69. Respondent and Intervenors contend that it is unnecessary and
impractical for a developer to be expected to obtain firm commitments from the
PSD at this early stage in the subdivision approval process. They argue that
what Petitioners are really seeking is "reserve capacity," which is
unrealistic and far beyond what the Ordinance requires. Respondent points out
that if Harvest Hills were to proceed it would be required, under the
Subdivision Ordinance, to satisfy the Commission that the developer had
obtained "appropriate agreements between the [PSDJ and the developer"
See Jefferson County Subdivision Ordinance at Section 8.1(b)(24). Thus, a
developer who cannot show that sewer service is certain to be provided will not
gain approval at the preliminary plat stage.
70. The Court is troubled by the disparity between the Ordinance's
rather absolute phrasing and the way that the Commission appears to interpret
it, but nonetheless finds the Respondent's and Intervenors' point on this issue
persuasive. Petitioners' reading of the Ordinance appears to expect too much
and to be very close to asking the Court to require "reserve
capacity" by the PSD. The record suggests that a firm commitment as to
public sewer service and/or "reserve capacity" is unrealistic at this
early stage in a proposed
Page 31 of 50
development, and that if the developer were unable to assure the
Commission that appropriate sewer service will be provided at the preliminary
plat stage, the development would not be permitted to proceed at that time.
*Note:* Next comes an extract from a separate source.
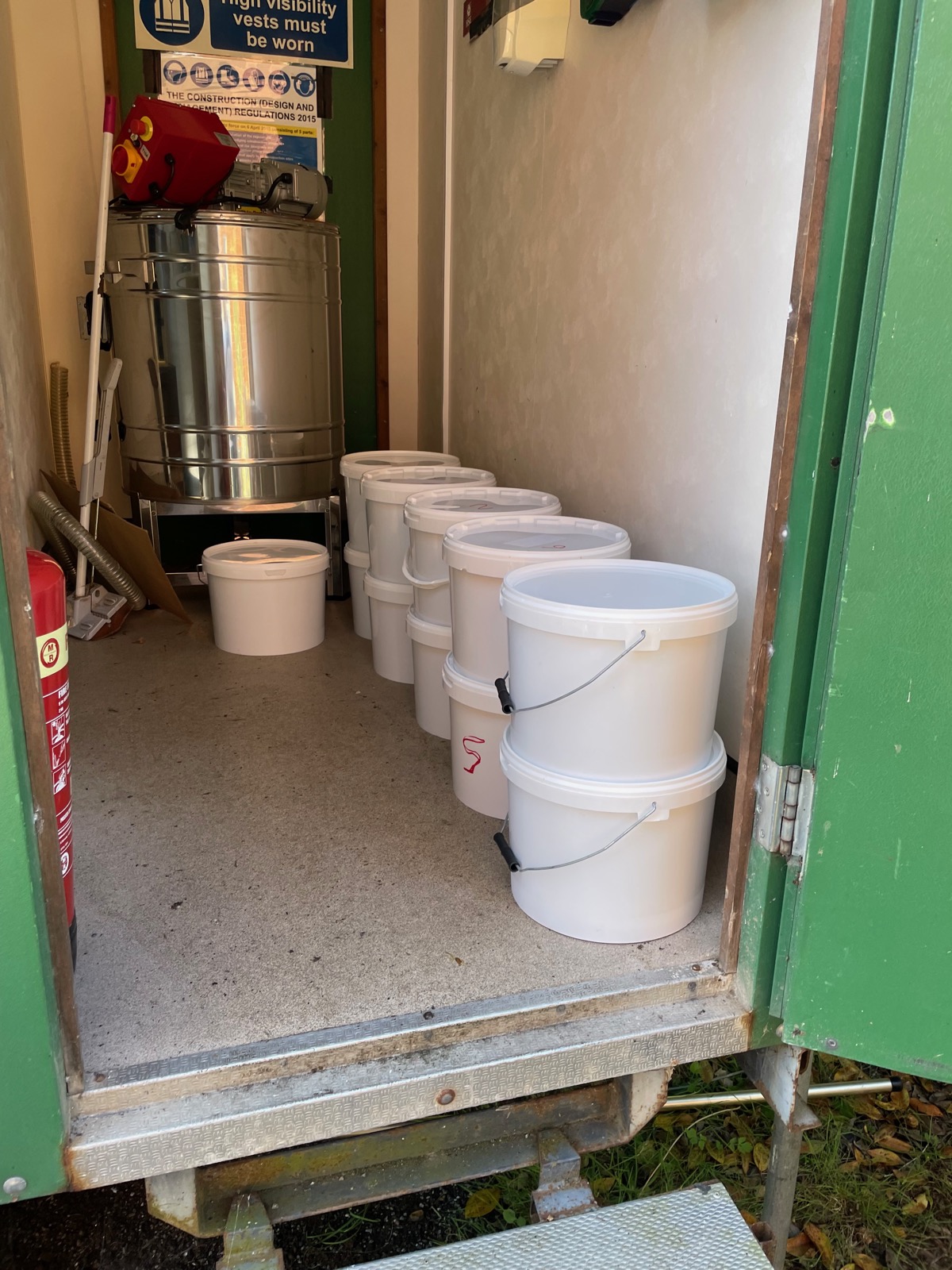 White honey buckets lined up inside the extraction facility at Broads Bee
Given the stark choices in the Ordinance: a score of 11 (private sewage
disposal), 3 (centralized sewage disposal) or 0(public sewer
"available" or "will be built to the site"), the Court
finds no error in the score of zero for Public Sewer Availability. To require
more at this early stage of the project would seem to require the Ordinance to
be amended to be more explicit. The Court rejects this claim by Petitioners.
71. This alleged point of error is similar to the claim regarding
public sewage service. Petitioners contend that the Zoning Administrator
violated the Ordinance in assessing points for public water availability.
Petitioners argue that Harvest Hills should have received a score of eleven
(11), not zero (0) (again, zero being the "best" score for
development purposes), for the LESA score as to water availability. Petitioners
question the adequacy of a letter in the record, date‑stamped as received
by the Commission on April 19, 2001 (the date of the hearing on Petitioners'
two appeals), and dated November 10, 2000, from Jefferson Utilities. The letter
"confirms" that Jefferson Utilities is able to, and will (under an
Alternate Main Line Extension Agreement to be consummated between the utility
and the Developers) provide "public water service" to Harvest Hills.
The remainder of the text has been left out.